(Collected data entries)
= = = =

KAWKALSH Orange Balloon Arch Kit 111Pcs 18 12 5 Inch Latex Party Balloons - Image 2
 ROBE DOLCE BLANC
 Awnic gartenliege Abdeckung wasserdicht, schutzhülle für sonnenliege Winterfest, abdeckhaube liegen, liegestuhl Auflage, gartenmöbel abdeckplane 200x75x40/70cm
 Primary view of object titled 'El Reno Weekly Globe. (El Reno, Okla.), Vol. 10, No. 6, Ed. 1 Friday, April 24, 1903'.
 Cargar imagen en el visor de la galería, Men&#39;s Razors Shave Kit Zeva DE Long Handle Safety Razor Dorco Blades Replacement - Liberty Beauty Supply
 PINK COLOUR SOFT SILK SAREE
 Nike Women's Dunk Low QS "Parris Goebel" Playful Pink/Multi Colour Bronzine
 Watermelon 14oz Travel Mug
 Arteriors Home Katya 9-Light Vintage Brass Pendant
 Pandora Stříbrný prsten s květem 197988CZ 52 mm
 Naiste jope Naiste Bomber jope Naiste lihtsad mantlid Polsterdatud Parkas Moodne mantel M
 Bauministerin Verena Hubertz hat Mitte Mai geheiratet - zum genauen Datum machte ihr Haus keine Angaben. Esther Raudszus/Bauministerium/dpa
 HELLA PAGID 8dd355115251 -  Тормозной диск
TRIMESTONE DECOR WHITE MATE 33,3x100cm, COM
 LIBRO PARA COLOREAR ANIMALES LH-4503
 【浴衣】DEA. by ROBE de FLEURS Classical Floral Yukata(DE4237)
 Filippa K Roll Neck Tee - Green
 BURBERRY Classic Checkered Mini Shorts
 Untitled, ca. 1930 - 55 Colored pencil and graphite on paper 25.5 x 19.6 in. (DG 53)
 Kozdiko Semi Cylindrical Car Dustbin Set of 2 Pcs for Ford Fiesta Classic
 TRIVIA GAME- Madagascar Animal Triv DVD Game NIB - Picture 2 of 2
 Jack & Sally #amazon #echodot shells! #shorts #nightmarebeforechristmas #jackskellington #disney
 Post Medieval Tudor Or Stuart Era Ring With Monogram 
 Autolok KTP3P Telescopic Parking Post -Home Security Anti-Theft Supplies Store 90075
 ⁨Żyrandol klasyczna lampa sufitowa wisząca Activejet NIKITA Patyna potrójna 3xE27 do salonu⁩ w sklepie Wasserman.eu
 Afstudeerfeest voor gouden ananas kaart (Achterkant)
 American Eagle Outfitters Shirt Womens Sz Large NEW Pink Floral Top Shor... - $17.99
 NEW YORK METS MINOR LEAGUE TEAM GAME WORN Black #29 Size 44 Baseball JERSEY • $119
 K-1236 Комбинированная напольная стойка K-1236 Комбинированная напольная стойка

= = = =

_What is being asked_:
Up to and including the line with "Untitled, ca. 1930", please return the records exactly, beginning from their first line.

_Response_:
KAWKALSH Orange Balloon Arch Kit 111Pcs 18 12 5 Inch Latex Party Balloons - Image 2
 ROBE DOLCE BLANC
 Awnic gartenliege Abdeckung wasserdicht, schutzhülle für sonnenliege Winterfest, abdeckhaube liegen, liegestuhl Auflage, gartenmöbel abdeckplane 200x75x40/70cm
 Primary view of object titled 'El Reno Weekly Globe. (El Reno, Okla.), Vol. 10, No. 6, Ed. 1 Friday, April 24, 1903'.
 Cargar imagen en el visor de la galería, Men&#39;s Razors Shave Kit Zeva DE Long Handle Safety Razor Dorco Blades Replacement - Liberty Beauty Supply
 PINK COLOUR SOFT SILK SAREE
 Nike Women's Dunk Low QS "Parris Goebel" Playful Pink/Multi Colour Bronzine
 Watermelon 14oz Travel Mug
 Arteriors Home Katya 9-Light Vintage Brass Pendant
 Pandora Stříbrný prsten s květem 197988CZ 52 mm
 Naiste jope Naiste Bomber jope Naiste lihtsad mantlid Polsterdatud Parkas Moodne mantel M
 Bauministerin Verena Hubertz hat Mitte Mai geheiratet - zum genauen Datum machte ihr Haus keine Angaben. Esther Raudszus/Bauministerium/dpa
 HELLA PAGID 8dd355115251 -  Тормозной диск
TRIMESTONE DECOR WHITE MATE 33,3x100cm, COM
 LIBRO PARA COLOREAR ANIMALES LH-4503
 【浴衣】DEA. by ROBE de FLEURS Classical Floral Yukata(DE4237)
 Filippa K Roll Neck Tee - Green
 BURBERRY Classic Checkered Mini Shorts
 Untitled, ca. 1930 - 55 Colored pencil and graphite on paper 25.5 x 19.6 in. (DG 53)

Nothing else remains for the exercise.